All of this evidence points to the fact that the average person is ill equipped to be idle. Without goals and without others to interact with, most people begin to lose motivation and concentration. The mind begins to wander, and more often than not it will focus on unresolvable problems that cause anxiety.
In order to avoid this undesirable condition, the person resorts to strategies that will ward off the worst of psychic entropy. Without necessarily being aware of it, one will seek out stimulation that will screen out the sources of anxiety from consciousness. This might be watching TV, or reading redundant narratives such as romances or mysteries, or engaging in obsessive gambling or promiscuous sexuality, or getting drunk or taking drugs. These are quick ways to reduce chaos in consciousness in the short run, but usually the only residue they leave behind is a feeling of listless dissatisfaction.
—Mihaly Csikszentmihalyi
#3. Making the most of leisure is a skill that can be learned
Having leisure at one’s disposal does not improve the quality of life unless one knows how to use it effectively, and it is by no means something one learns automatically.
—Mihaly Csikszentmihalyi
#4. You can make the most of leisure time by incorporating flow
Human beings feel best in flow, when they are fully involved in meeting a challenge, solving a problem, discovering something new. Most activities that produce flow also have clear goals, clear rules, immediate feedback—a set of external demands that focuses our attention and makes demands on our skills. Now these are exactly the conditions that are most often lacking in free time.
—Mihaly Csikszentmihalyi
Why Turning Daily Leisure Time Into Flow Time Is Such A Big Idea
SECTION SUMMARY
1. Five hours every day is 80,000 over our life
2. 5pm-10pm is a weird middle zone time that could go either way
3. Leisure time can be perilous
4. There’s a huge opportunity to fill leisure time with flow activities
#1: Five hours every weekday is 80,000 over our life
If we stop work at 5pm and don't go to bed until 10pm, that's five hours every weekday. This turns into 1,300 hours a year, 13,000 a decade, and 80,000+ over our life.
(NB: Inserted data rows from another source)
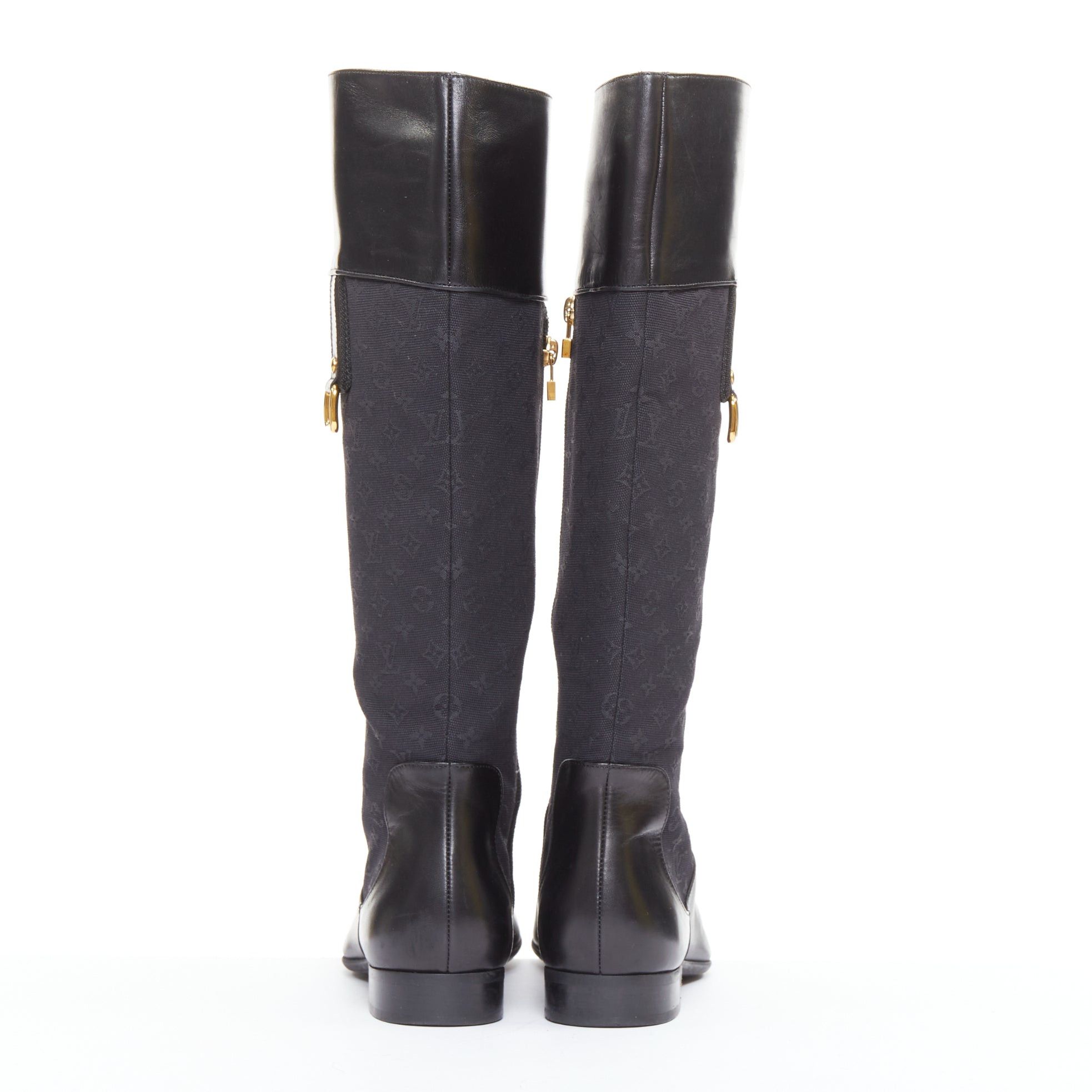 Louis Vuitton LOUIS VUITTON Mini Lin black monogram canvas saure toe riding boots EU37.5 Size US 7.5 / IT 37.5 - 5 Thumbnail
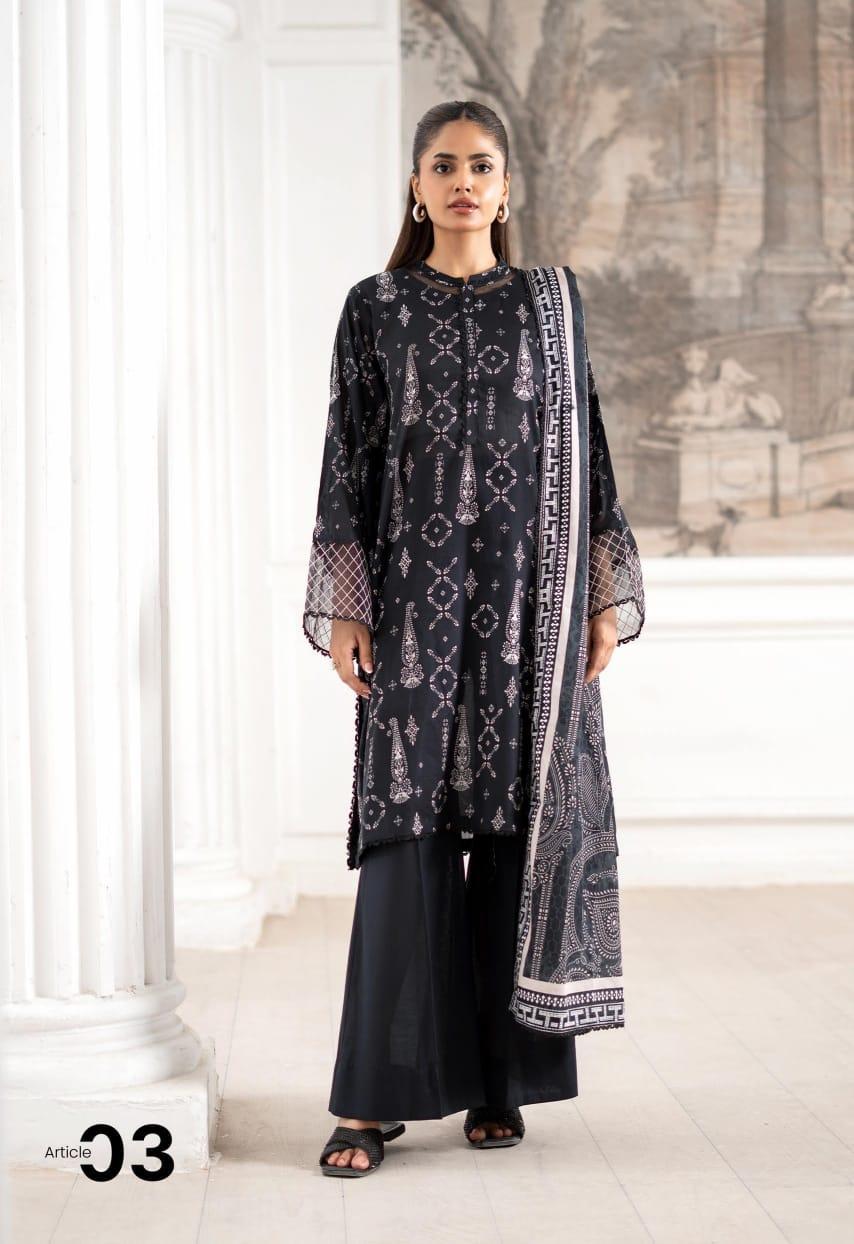 3 Pcs Women's Unstitched Printed Suit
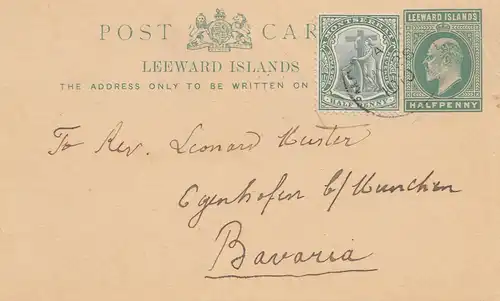 Leeward Islands /Montserat - mixed stamps 1910: post card to Munich/Germany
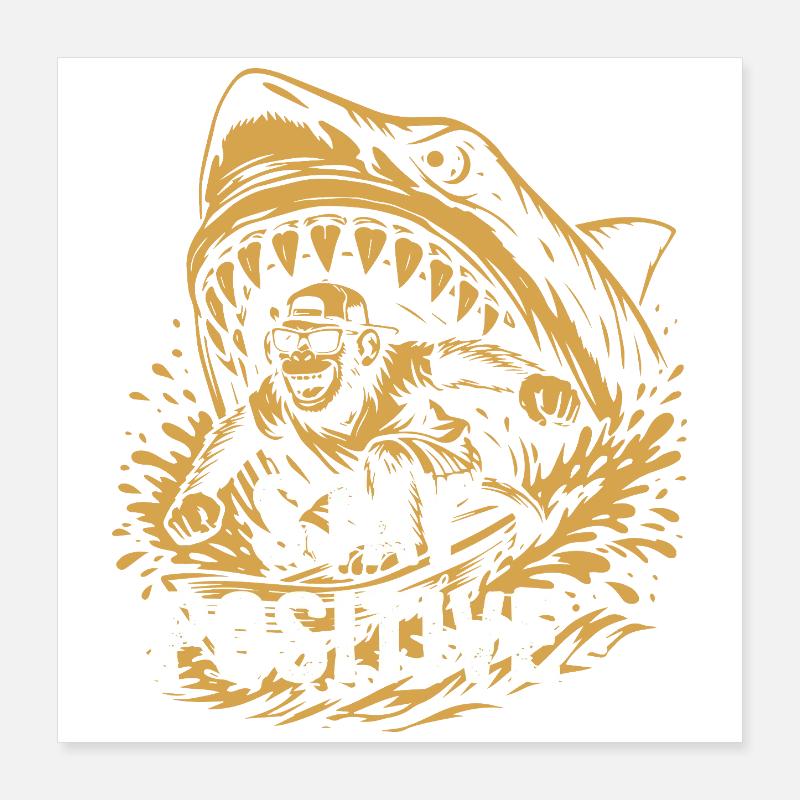 Bleib positiv, Shark Splash Poster 40x40 cm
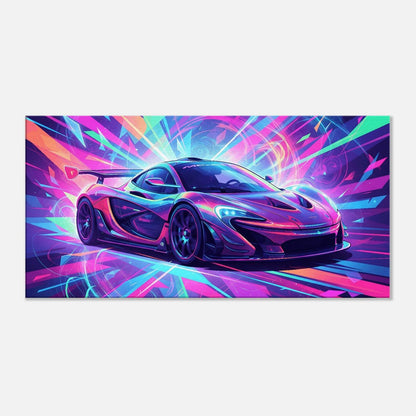 McLaren P1 GTR Neon Art | Canvas Print | Wall Decor - Canvas Art
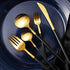 Deluxe Quality Black & Gold Stainless Steel Cutlery 24 Piece Set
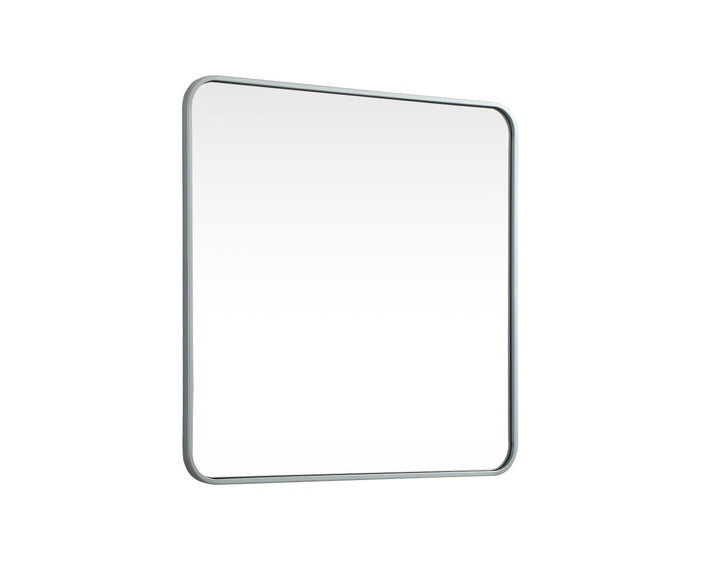 Soft Corner Metal Square Mirror 30X30 Inch In Silver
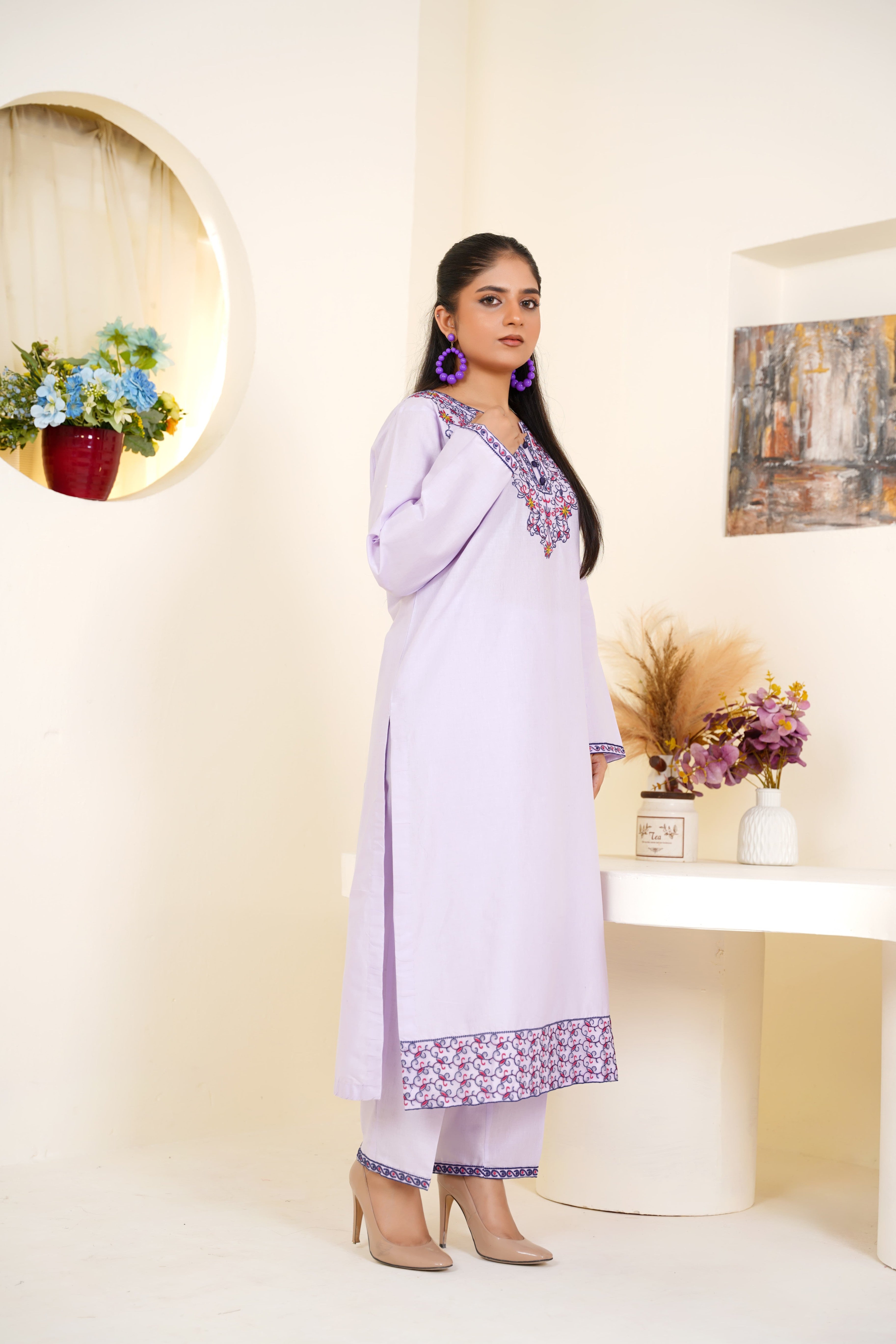 Velora 2Pc - Embroidered Cambric Cotton Pret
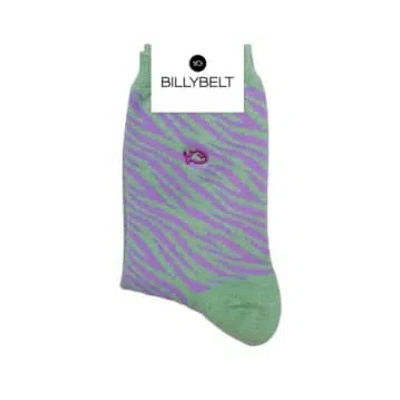Billybelt Calcetines Glitter Zebra Light Green And Purple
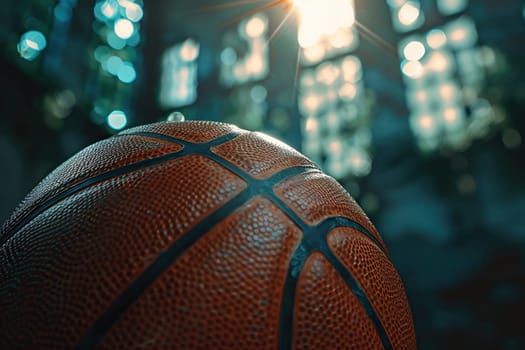 Basketball close-up with blurred background. Professional basketball game concept. Hobbies and recreation.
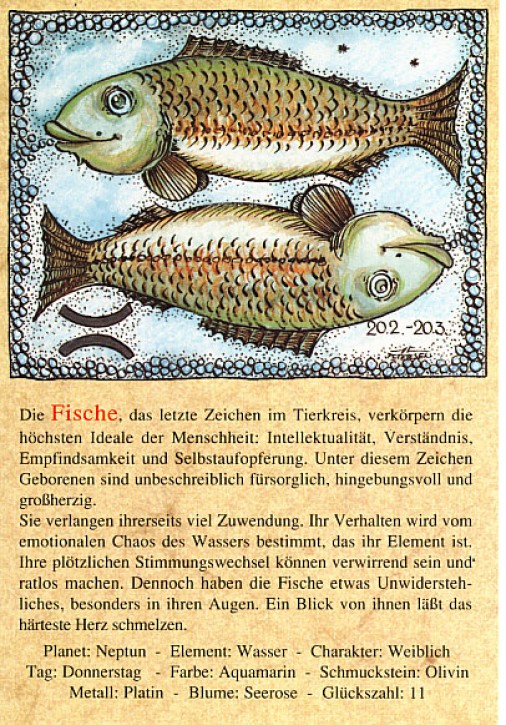 Sternzeichen-Postkarten Fische 12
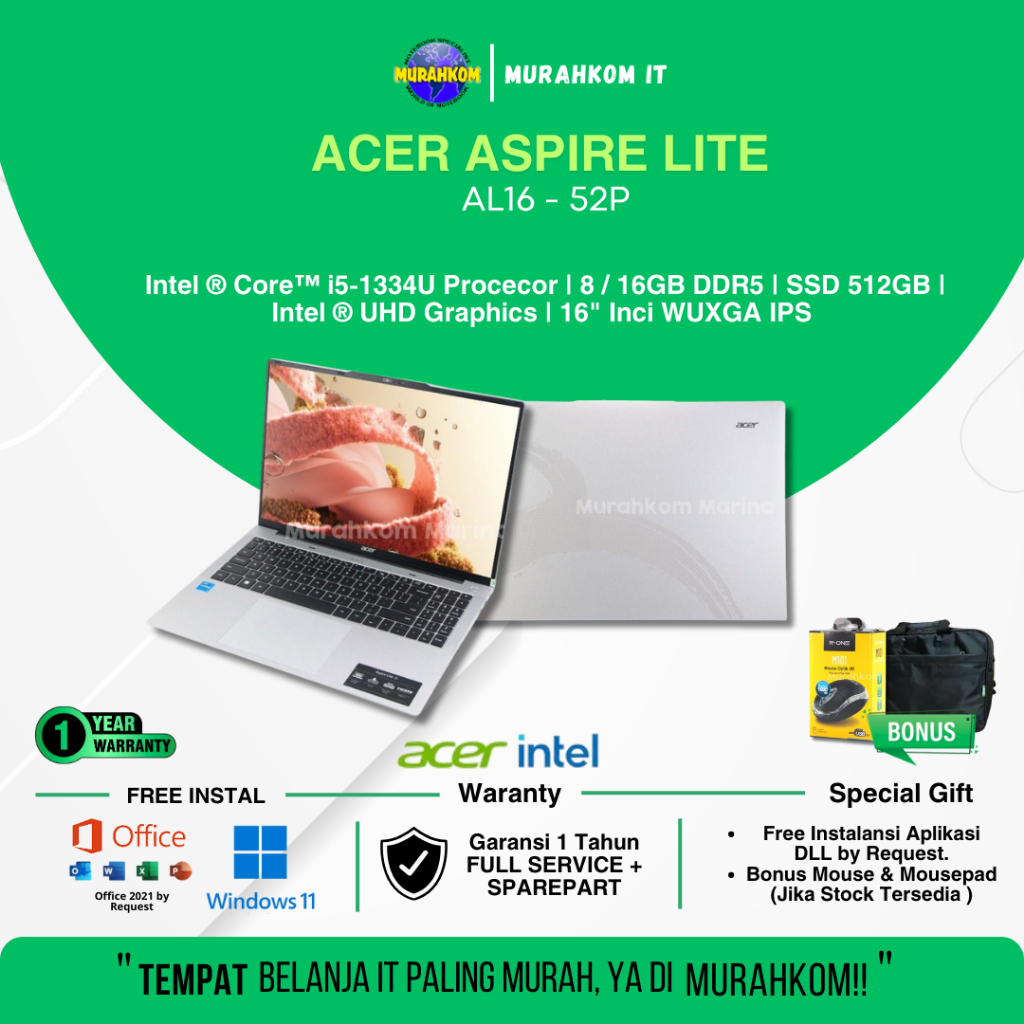 LAPTOP Acer Aspire Lite 16 i5 1334U RAM 16GB RAM SSD 512GB 16"Inci WUXGA IPS Display Windows 11 + Of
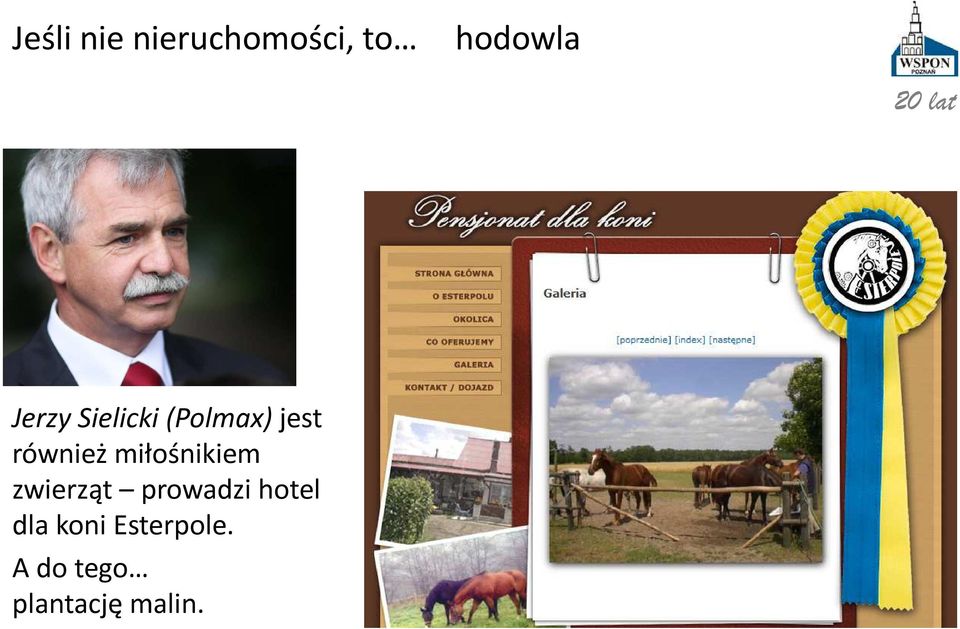 miłośnikiem zwierząt prowadzi hotel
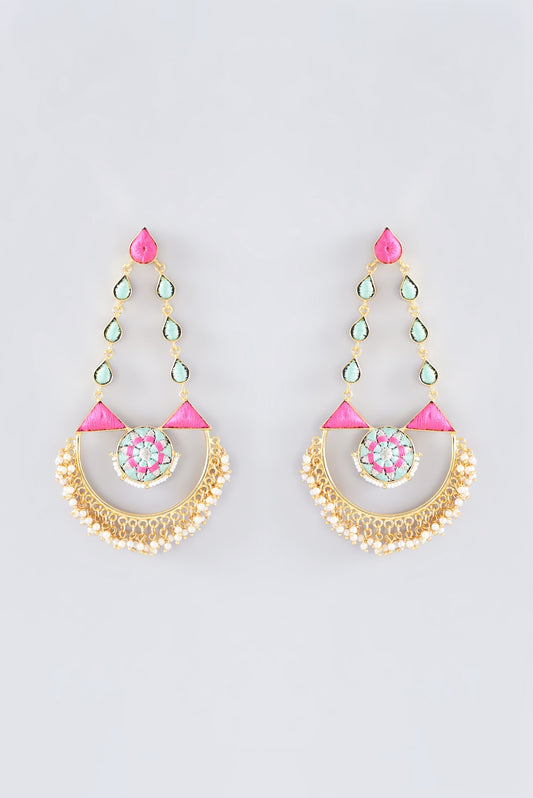 Matte Gold Finish Hot Pink Thread Embroidered Chandbali Earrings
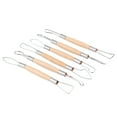 thumbnail image 2 of Double Head Ribbon Tool Wooden Handle Wax Pottery Clay Carving Sculpture DIY Craft Set, 2 of 8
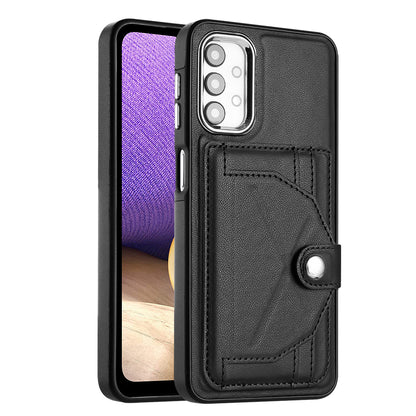 YB Leather Coating Series-4 for Samsung Galaxy A23 4G / A23 5G (Global Version) / F23 5G / M23 5G Kickstand Case Card Holder Phone Cover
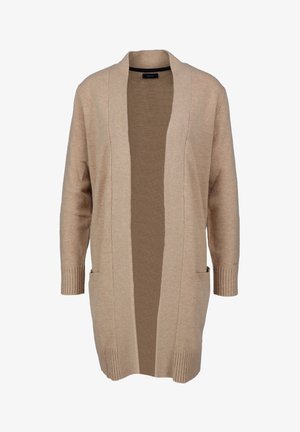 Beige stickad kardigan med öppen front, långa ärmar, ribbade manschetter och två framfickor. Mjuk textur och avslappnad passform.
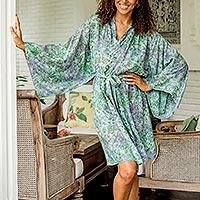 Hand-painted rayon robe, Green Gardens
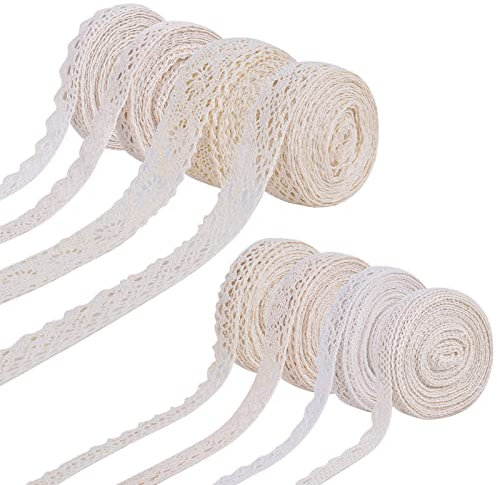 Spitzenband 40 Yards Vintage Beige Spitzenborte aus Baumwolle zum Nähen DIY Handwerk Hochzeit Party Weihnachten Deko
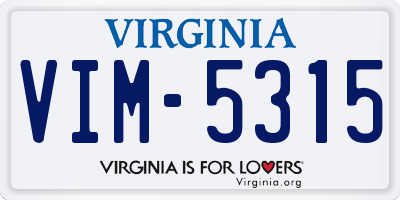 VA license plate VIM5315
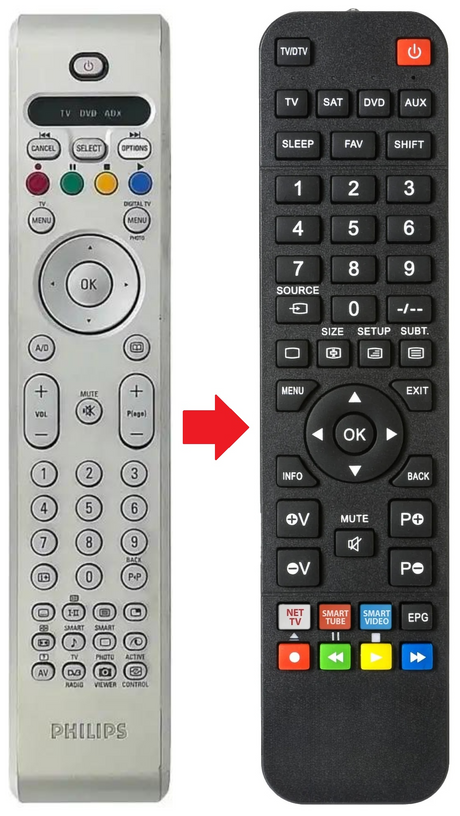 LC370WX1-SL04 PHILIPS afstandsbediening - productfoto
To put this number in context, during these 80,000 hours we could put our life on a whole other trajectory by…
Starting new hobbies that bring joy and richness to our life
Getting into incredible shape, which extends our life by years
Becoming world-class in many new skills or competent in 100+ new skills
Exploring new career paths that are a better fit for us
Spending more quality time with family and creating memories that last forever
#2: 5pm-10pm is a weird middle zone time that could go either way
We’re tired, but not tired enough to take a nap (and it's too late in the day).
We have energy, but often not quite enough to do something enriching consistently.
We want to relax, and we want to do something.
We want the freedom to do whatever we want, yet we do best when pulled to do one thing.
Bottom line: there is great peril and great opportunity in this middle zone time.
#3: Leisure time can be perilous
During this middle zone time, if we’re not careful we mindlessly waste hours on social media and TV. As we do so, we venture from enjoyment into “regretted user minutes.”
Research also shows that evenings are when people are most likely to indulge in bad habits (drugs, alcohol, poor eating) or get into fights.
Csikszentmihalyi summarizes the risk of this time in his book Finding Flow:
It is not that relaxing is bad. Everyone needs time to unwind, to read trashy novels, to sit on the couch staring in space or watching a TV program. As with the other ingredients of life, what matters is the dosage. Passive leisure becomes a problem when a person uses it as the principal—or the only—strategy to fill up free time.
—Mihaly Csikszentmihalyi
Whereas people regret too much passive leisure time, people feel more fulfilled as they spend more time on flow activities:
In a large-scale study in Germany, it was found that the more often people report reading books, the more flow experiences they claim to have, while the opposite trend was found for watching television. The most flow was reported by individuals who read a lot and watched little TV, the least by those who read seldom and watched often.
—Mihaly Csikszentmihalyi
#4: There’s a huge opportunity to fill leisure time with flow activities
The middle zone time holds promise for flow on a few levels:
It's a lot of time
Flow can give us a second wind. What's powerful about flow is that once we're in it, it gives us energy intrinsically
We don't have the same time pressures and expectations of the workday (depending on the age of the kids if we have them)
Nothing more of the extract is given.